### Work request:
Return the run of lines below that opens with the line containing "Attacco givi posteriore" and closes with the line containing "Arktischer Urlaub Mousepad", keeping each one exact.

Items listed in a dataset
+++++
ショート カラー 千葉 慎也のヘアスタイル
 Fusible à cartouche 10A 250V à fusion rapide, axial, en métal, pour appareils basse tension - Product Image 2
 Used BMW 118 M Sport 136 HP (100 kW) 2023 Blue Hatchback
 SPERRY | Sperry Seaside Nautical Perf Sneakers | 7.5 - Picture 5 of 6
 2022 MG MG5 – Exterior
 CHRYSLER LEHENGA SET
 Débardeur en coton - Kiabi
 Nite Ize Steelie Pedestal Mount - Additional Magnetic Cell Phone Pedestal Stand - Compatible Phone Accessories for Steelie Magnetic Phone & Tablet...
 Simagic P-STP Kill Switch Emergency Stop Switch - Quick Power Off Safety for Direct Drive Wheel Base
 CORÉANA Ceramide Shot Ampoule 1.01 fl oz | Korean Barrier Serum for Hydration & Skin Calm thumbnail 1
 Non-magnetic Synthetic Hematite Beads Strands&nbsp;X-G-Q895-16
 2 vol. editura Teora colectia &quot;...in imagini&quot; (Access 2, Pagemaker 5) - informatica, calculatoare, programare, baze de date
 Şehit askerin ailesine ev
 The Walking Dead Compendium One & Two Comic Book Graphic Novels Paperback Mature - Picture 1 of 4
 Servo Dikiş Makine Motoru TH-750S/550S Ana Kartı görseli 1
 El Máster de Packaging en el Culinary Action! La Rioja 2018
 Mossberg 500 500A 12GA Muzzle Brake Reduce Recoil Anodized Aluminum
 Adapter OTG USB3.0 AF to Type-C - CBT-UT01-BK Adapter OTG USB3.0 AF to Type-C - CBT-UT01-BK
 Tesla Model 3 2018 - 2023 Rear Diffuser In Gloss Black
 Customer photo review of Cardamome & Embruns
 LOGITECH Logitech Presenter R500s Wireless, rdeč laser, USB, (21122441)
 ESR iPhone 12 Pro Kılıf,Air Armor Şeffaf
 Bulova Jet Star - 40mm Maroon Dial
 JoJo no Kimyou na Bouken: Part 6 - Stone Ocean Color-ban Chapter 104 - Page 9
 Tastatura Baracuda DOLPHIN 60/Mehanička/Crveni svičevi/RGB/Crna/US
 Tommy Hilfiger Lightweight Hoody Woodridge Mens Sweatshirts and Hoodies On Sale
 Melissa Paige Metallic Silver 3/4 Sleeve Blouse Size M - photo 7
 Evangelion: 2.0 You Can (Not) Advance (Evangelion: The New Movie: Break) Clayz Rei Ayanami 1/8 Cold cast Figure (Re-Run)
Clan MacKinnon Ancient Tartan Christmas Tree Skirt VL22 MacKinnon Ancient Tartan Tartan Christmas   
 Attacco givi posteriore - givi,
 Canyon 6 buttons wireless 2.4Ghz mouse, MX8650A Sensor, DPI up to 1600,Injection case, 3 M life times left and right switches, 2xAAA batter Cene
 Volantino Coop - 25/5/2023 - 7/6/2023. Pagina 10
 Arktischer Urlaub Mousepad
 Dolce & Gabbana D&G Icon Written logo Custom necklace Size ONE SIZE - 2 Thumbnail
+++++
### Finished exercise:
 Attacco givi posteriore - givi,
 Canyon 6 buttons wireless 2.4Ghz mouse, MX8650A Sensor, DPI up to 1600,Injection case, 3 M life times left and right switches, 2xAAA batter Cene
 Volantino Coop - 25/5/2023 - 7/6/2023. Pagina 10
 Arktischer Urlaub Mousepad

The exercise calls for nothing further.